## EXERCISE
When you copy the material below, keep every line exact and omit the pictures.
DATA SHOWN below:
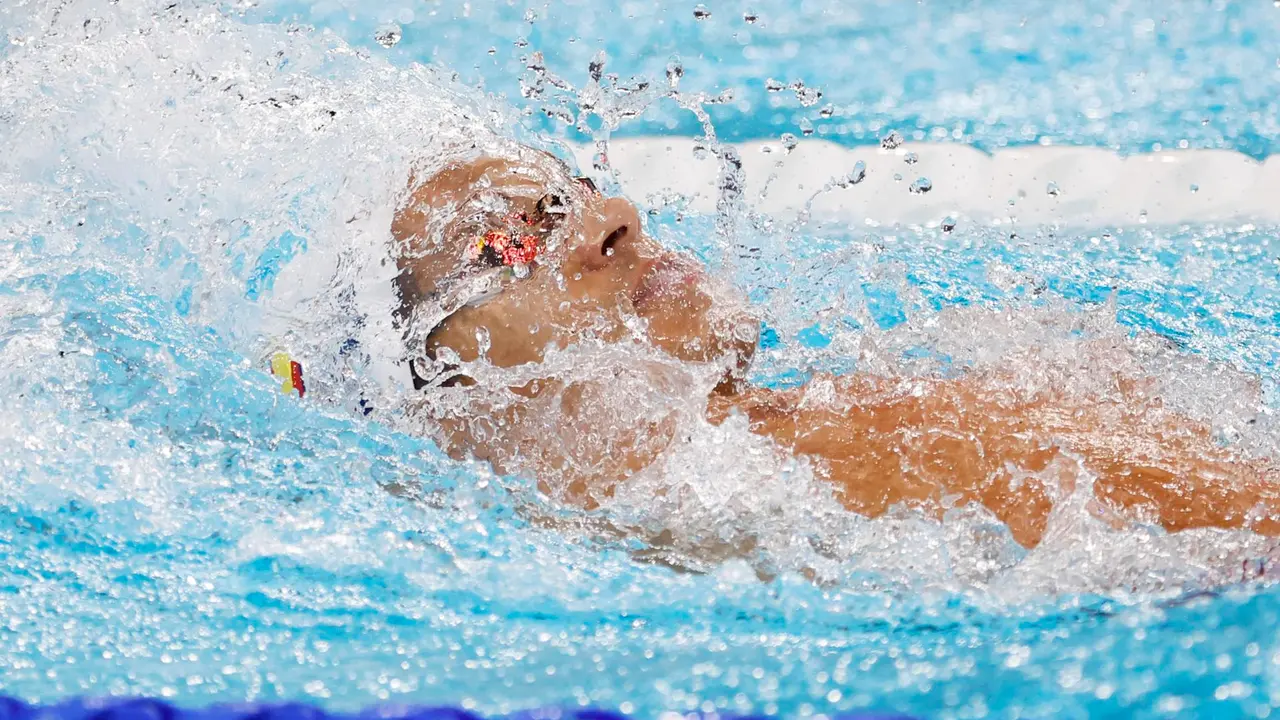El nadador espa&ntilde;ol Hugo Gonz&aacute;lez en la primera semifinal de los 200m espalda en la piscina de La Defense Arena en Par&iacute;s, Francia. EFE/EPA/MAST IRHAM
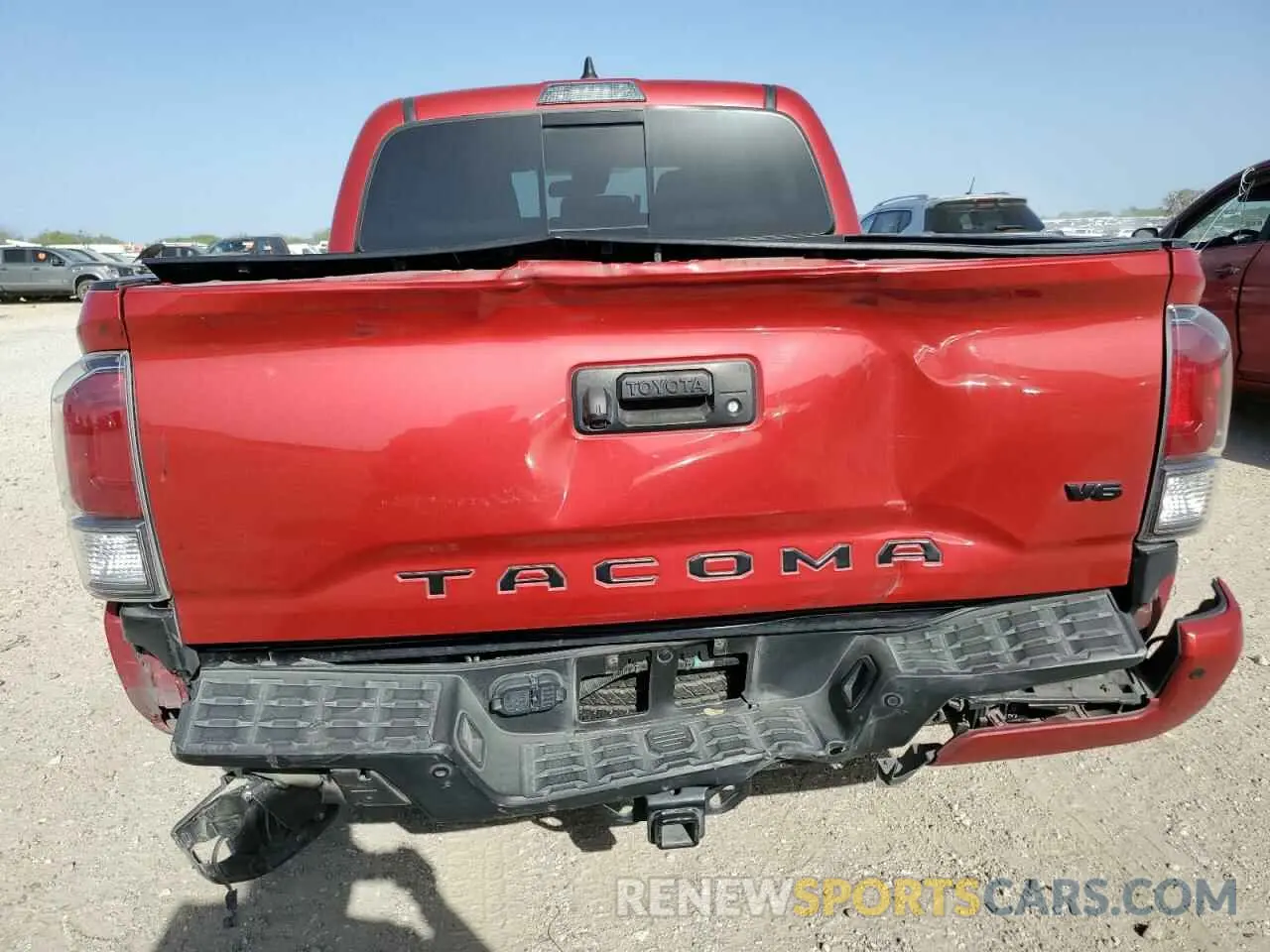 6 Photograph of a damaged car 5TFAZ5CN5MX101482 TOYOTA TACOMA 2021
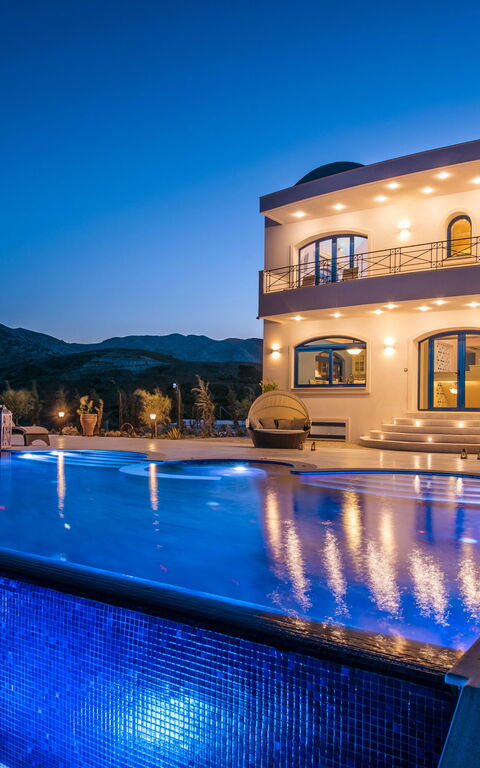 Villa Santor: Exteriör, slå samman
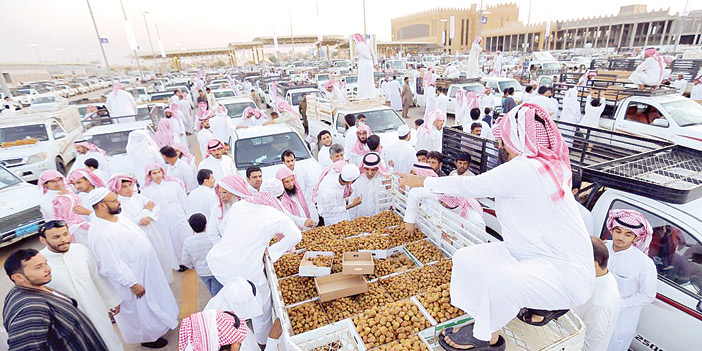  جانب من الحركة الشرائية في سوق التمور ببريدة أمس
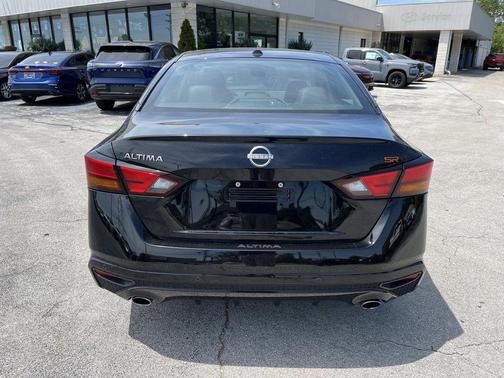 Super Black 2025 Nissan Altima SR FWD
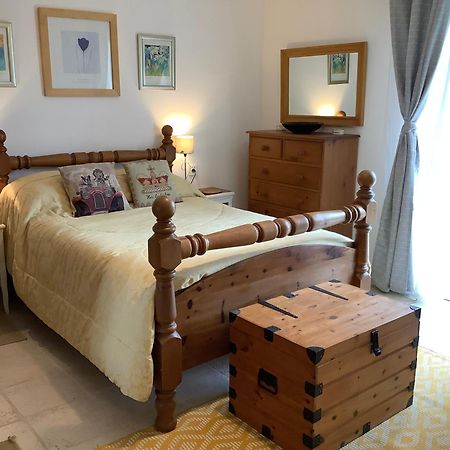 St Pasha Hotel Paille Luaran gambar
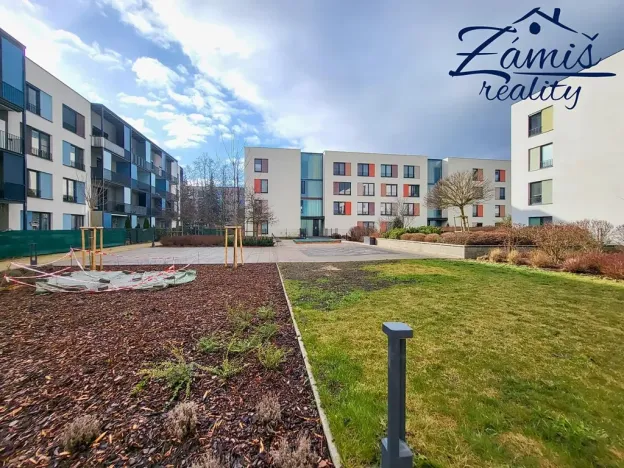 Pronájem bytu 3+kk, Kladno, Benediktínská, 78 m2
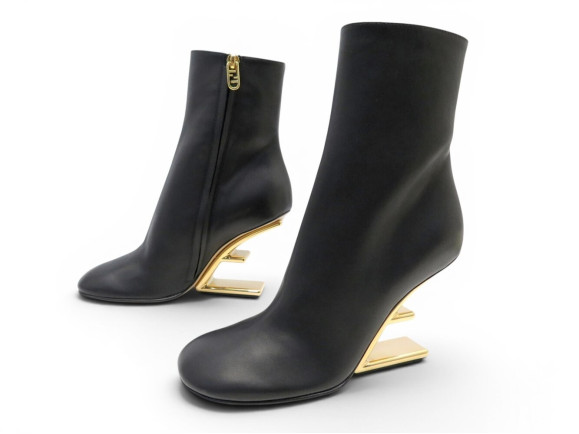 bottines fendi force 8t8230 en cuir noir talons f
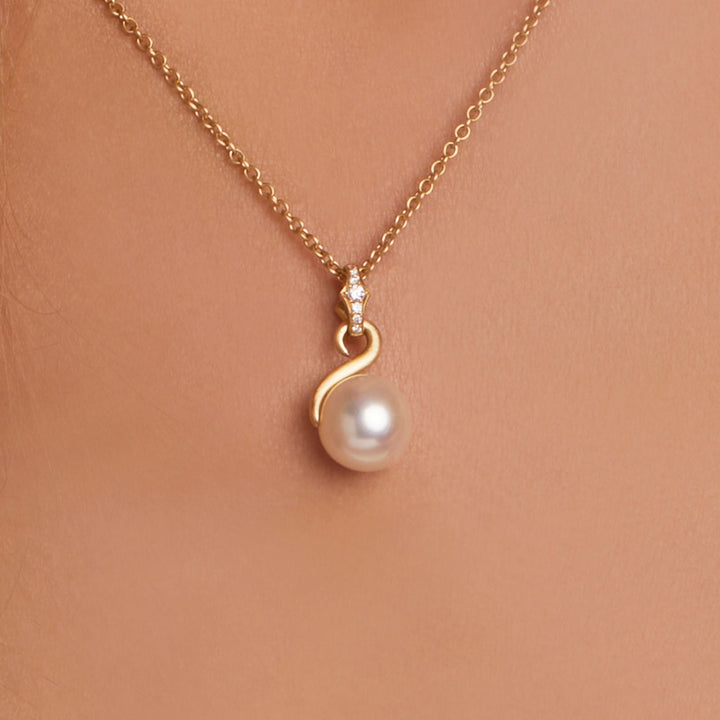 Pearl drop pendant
End of DATA SHOWN.
## ANSWER FOR THE TASK
El nadador espa&ntilde;ol Hugo Gonz&aacute;lez en la primera semifinal de los 200m espalda en la piscina de La Defense Arena en Par&iacute;s, Francia. EFE/EPA/MAST IRHAM
 6 Photograph of a damaged car 5TFAZ5CN5MX101482 TOYOTA TACOMA 2021
 Villa Santor: Exteriör, slå samman
  جانب من الحركة الشرائية في سوق التمور ببريدة أمس
 Super Black 2025 Nissan Altima SR FWD
 St Pasha Hotel Paille Luaran gambar
 Pronájem bytu 3+kk, Kladno, Benediktínská, 78 m2
 bottines fendi force 8t8230 en cuir noir talons f
 Pearl drop pendant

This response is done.